Norway’s Tories bid to axe salmon tax

Opposition proposes increased production tax instead


Norway’s Conservative Party has proposed dropping the government’s extra 25% tax on salmonid farmers’ profits and replacing it with an increased production tax.

The measure is part of its alternative budget, published yesterday. Parliamentary party groups in opposition draft their own alternative budgets and try to get their proposals included in the government’s annual Budget.

The Conservative Party, which is the largest opposition party with 36 seats in the Storting (Parliament), wants to lower taxes for both people and businesses, and proposes a tax cut of NOK 9.5 billion next year. It also seeks to drop the ground rent tax on salmonid farmers.

The ‘salmon tax’, which applies from January 1, 2023, is levied on the profit made on the time farmed salmon and trout spend in the sea, when most of the value of the fish is added. It is imposed on top of the 22% corporation tax paid by all businesses, meaning that salmonid farmers must pay a tax of 47% on profits.

Production tax

“Pending a thorough evaluation of various models for aquaculture taxation, we have assumed an increased production tax to the state, which provides approximately NOK 3.8 billion in revenue,” said the Conservatives.

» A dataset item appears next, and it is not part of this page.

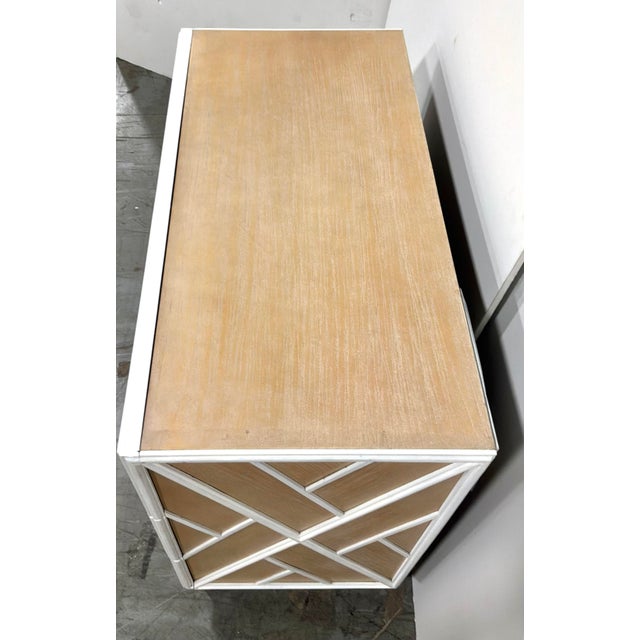 Modern Chippendale Tan and White Chest of Drawers For Sale In Atlanta - Image 6 of 6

“This comes as a replacement for the government's ground rent tax. The aquaculture tax for 2024 is paid the following year, so that the change does not directly affect the 2024 budget.”

The budget measure is extremely unlikely to be adopted. Even if the Conservatives win the support of other right-leaning parties like the Progress Party and the Christian Democrats, they are outnumbered by the ruling Labour-Centre party coalition and by other left-leaning parties who believe the state is correct to take a larger share of what are regarded as the salmon sector's extraordinary profits.

The Conservatives, led by former prime minister Erna Solberg, would have to win power at the next election to cancel the salmon tax, and even then, it’s doubtful whether ithey would have enough support in the Storting to do so.